Re: effectiveness of rsync and apt
Marc Haber <email@example.com> writes:
> On Mon, 01 May 2006 09:30:55 +0200, Florian Weimer <firstname.lastname@example.org>
>>The downside is that anything that doesn't work on entire .debs is
>>very likely to change them at the byte stream level (you only need to
>>use slightly different zlib versions or parameters). This means that
>>the chain of cryptographic hashes that guard against malicious mirror
>>or network operators breaks. 8-(
> Since having cryptographic hashes is very very low on the priority
> list of the people in Power over Debian, I wouldn't care too much.
I think what he ment is the md5sum in Packages.gz and apt-get cares
about them on download only. If you put the result of patching the
debs to a new version directly into apts cache it will eat them even
with a wrong checksum.
I actualy have a little hack how one could implement patch debs now to
test this out:
1. Create an archive mirror with rsync batch files (or xdelta or
whatever) between the last and current version of each package.

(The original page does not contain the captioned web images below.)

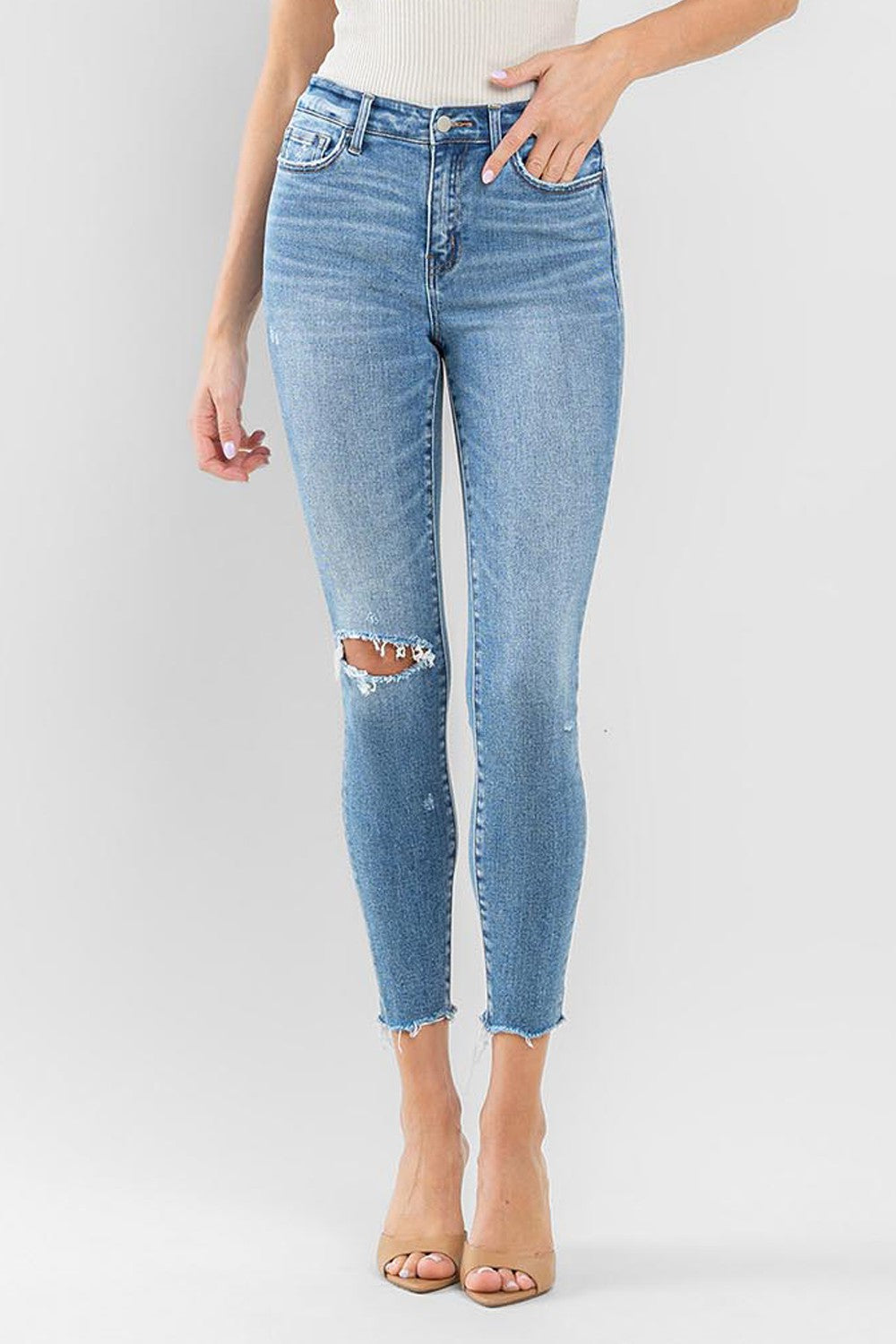 Flying Monkey™ Ankle Slim Straight High Rise Ripped Jean | maurices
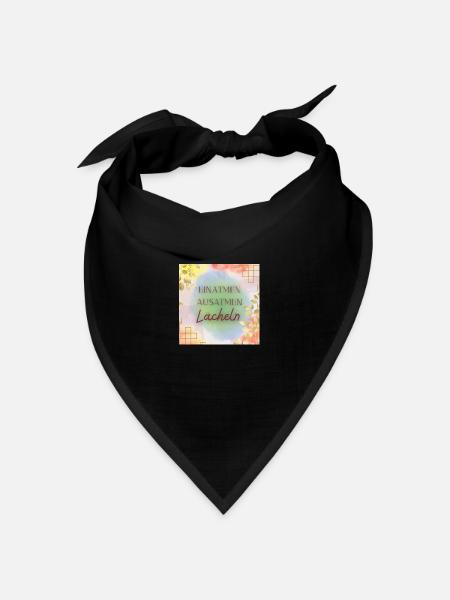 Einatmen ausatmen lächeln - Bandana Dreieckstuch - Schwarz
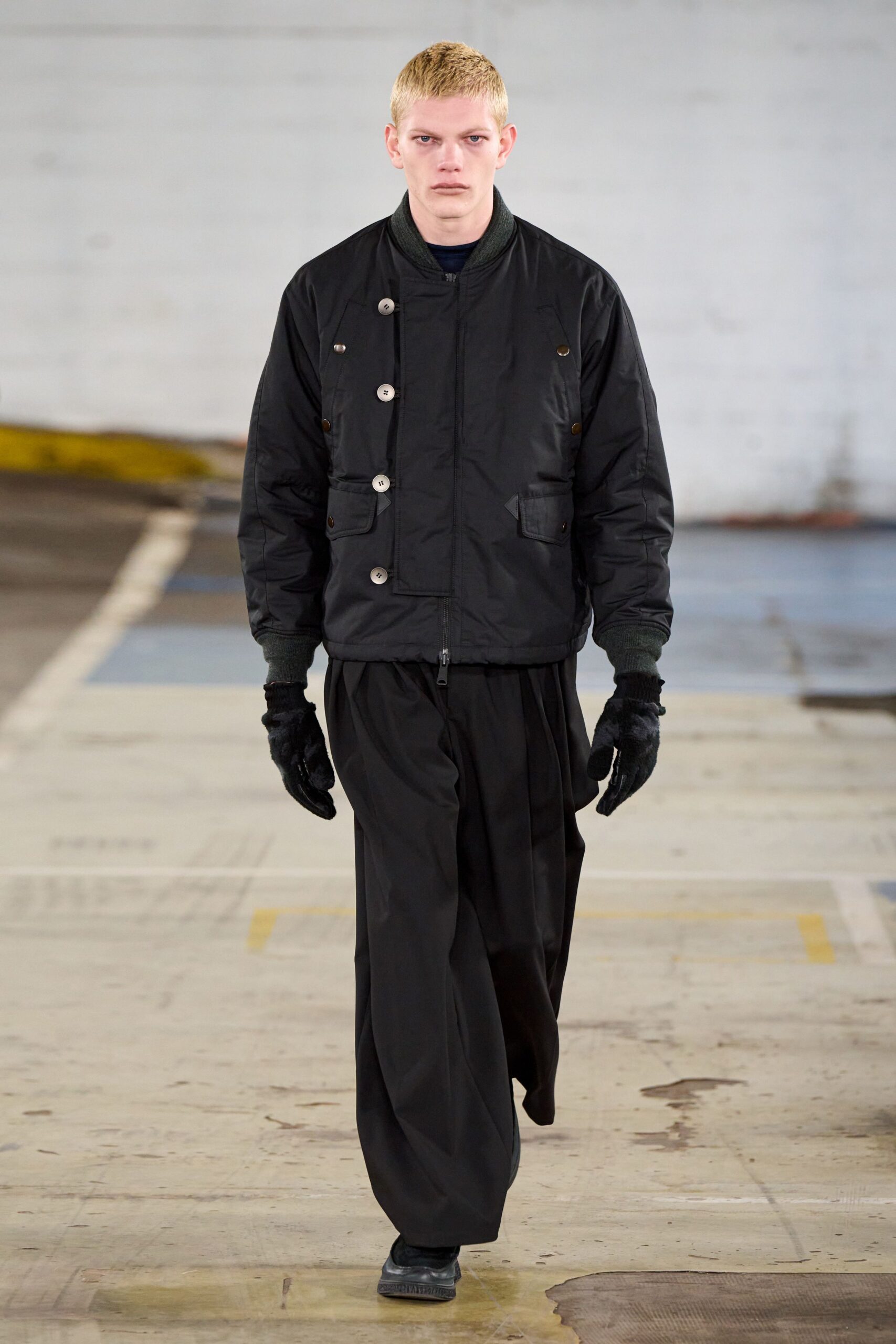 black fitted jacket with wide-leg pants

It
might be simplest to replace the data.tar.gz in each deb with the
rsync batch file and leave the rest of the deb as is.
2. Create Packages.gz and friends for those patch debs
3. Create an apt method "http-patch" to apt that will first check for
the old version of the package or dpkg-repack it, then forks the http
method to download the patch deb, applies the patch and returns the
deb http-patch://server/path suite dist
to sources.list _before_ the normal http url.
One drawback of this hack would be that you get an error from the
http-patch method when you don't have the previous version available
before apt-get falls back to the http url.